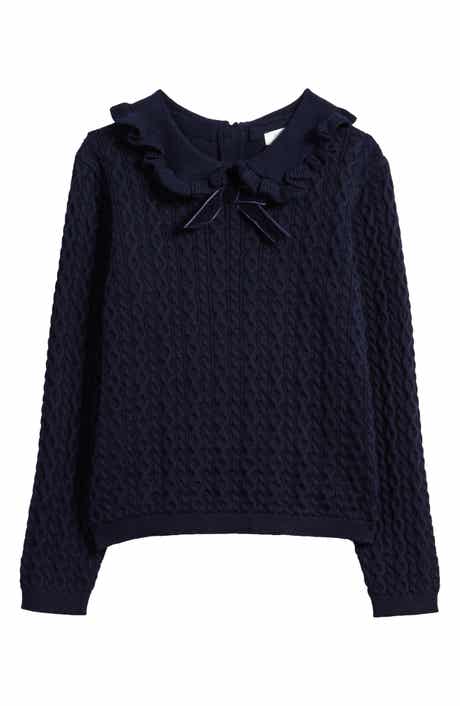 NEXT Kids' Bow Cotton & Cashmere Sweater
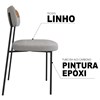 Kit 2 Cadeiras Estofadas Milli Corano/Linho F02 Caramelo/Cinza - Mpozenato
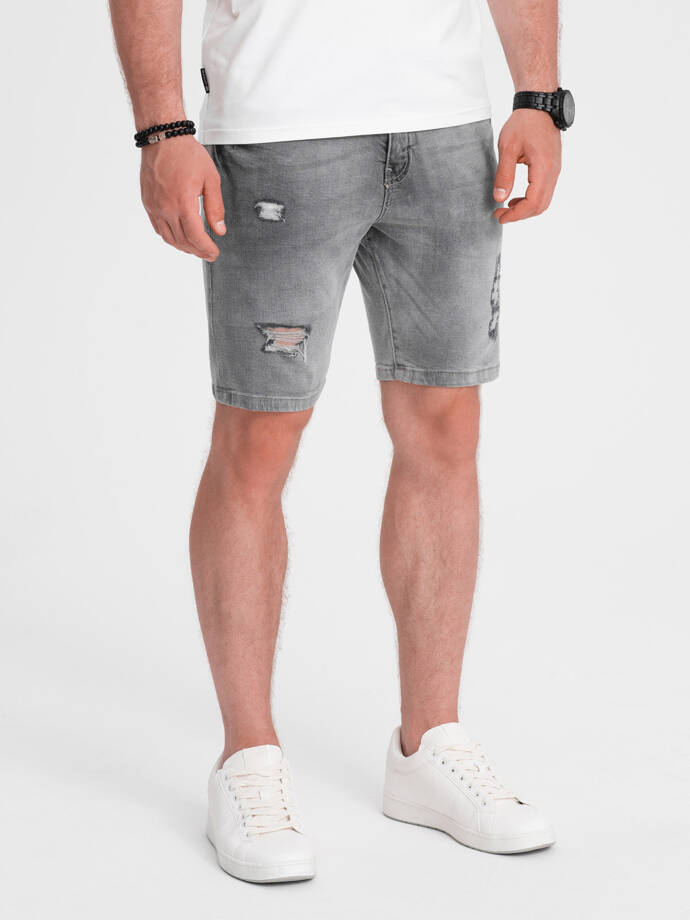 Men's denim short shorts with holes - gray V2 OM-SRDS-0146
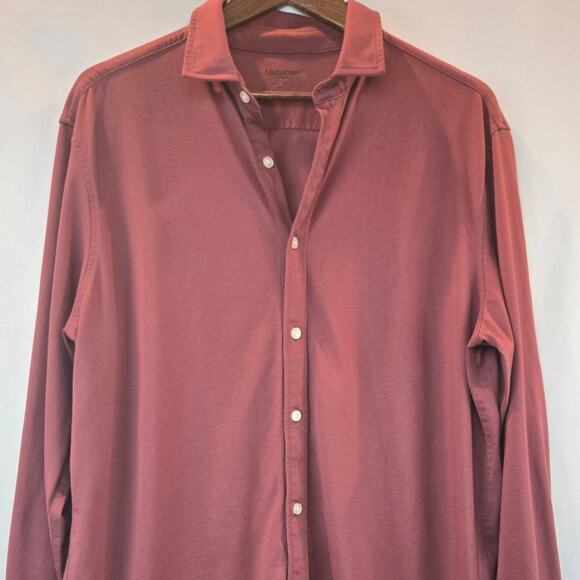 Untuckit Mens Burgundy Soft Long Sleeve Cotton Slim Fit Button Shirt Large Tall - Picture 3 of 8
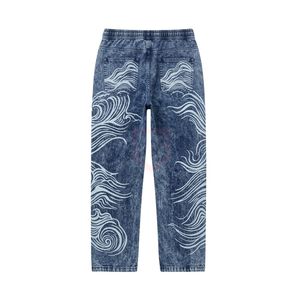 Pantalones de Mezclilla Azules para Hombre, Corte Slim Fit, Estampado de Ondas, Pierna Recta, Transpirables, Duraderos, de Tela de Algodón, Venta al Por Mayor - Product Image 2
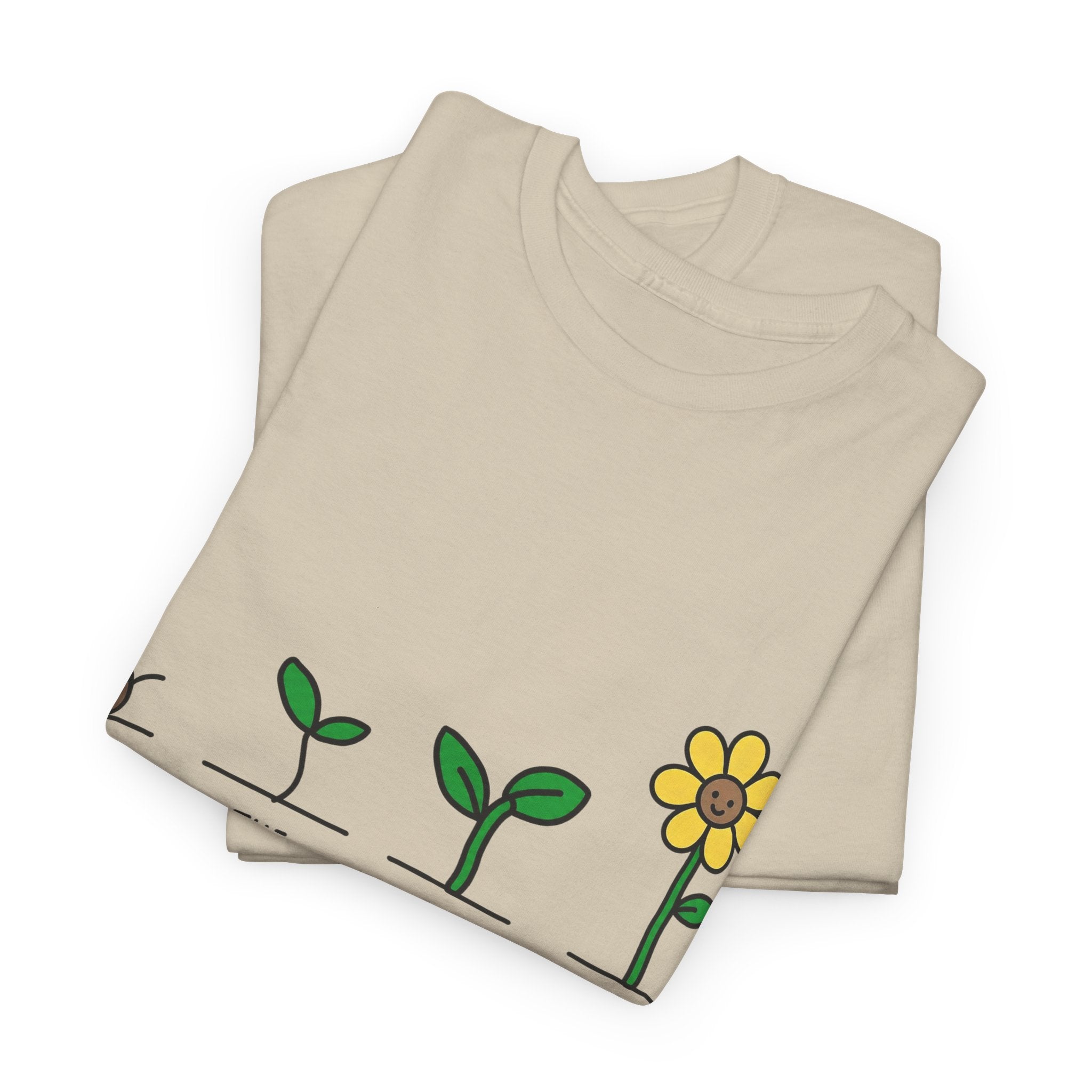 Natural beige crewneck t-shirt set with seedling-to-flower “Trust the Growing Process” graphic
········
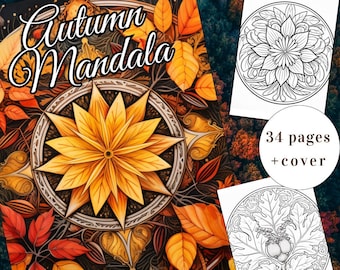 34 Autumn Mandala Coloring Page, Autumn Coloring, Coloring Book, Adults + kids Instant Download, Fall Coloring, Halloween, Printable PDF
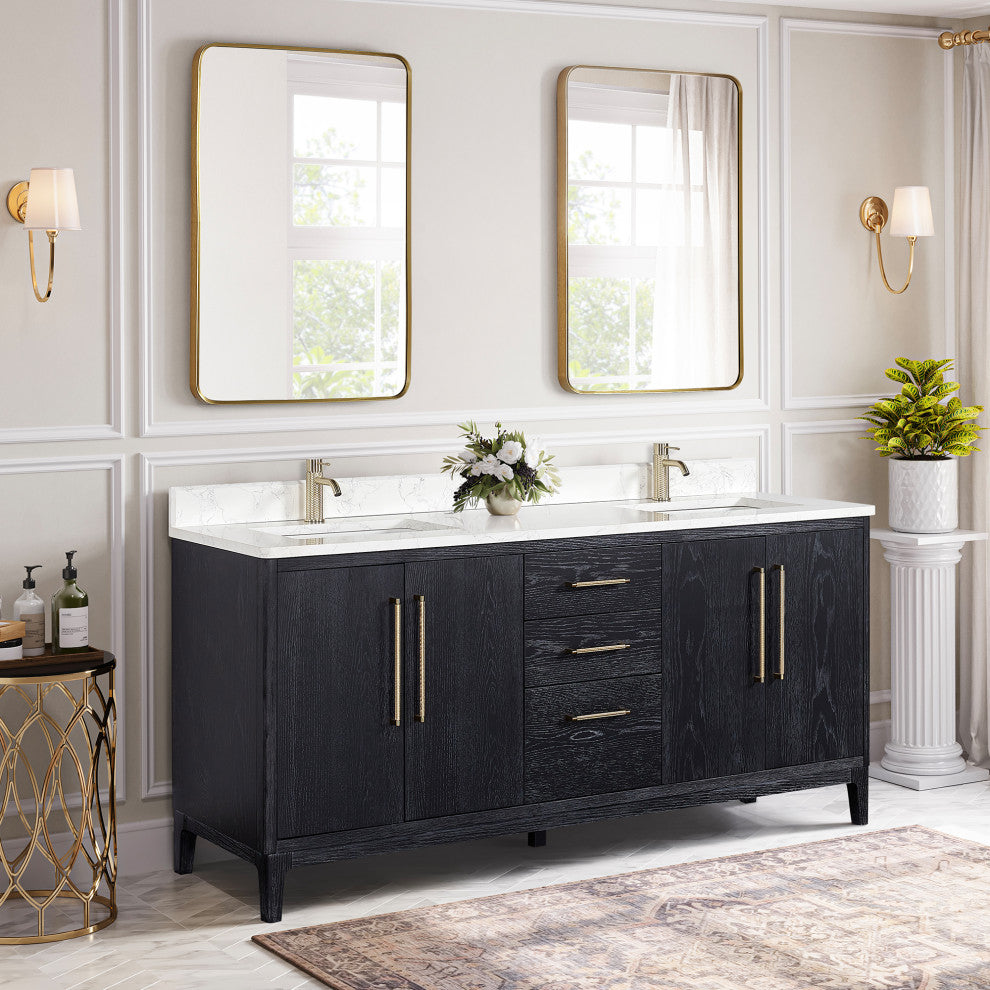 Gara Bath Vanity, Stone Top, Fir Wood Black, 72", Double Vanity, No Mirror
········
What is required: What you return must match, character for character, the lines above from the one with "Pantalones de Mezclilla" through the one with "Natural beige crewneck", minus any pictures.

Output for this exercise:
 Pantalones de Mezclilla Azules para Hombre, Corte Slim Fit, Estampado de Ondas, Pierna Recta, Transpirables, Duraderos, de Tela de Algodón, Venta al Por Mayor - Product Image 2
 Natural beige crewneck t-shirt set with seedling-to-flower “Trust the Growing Process” graphic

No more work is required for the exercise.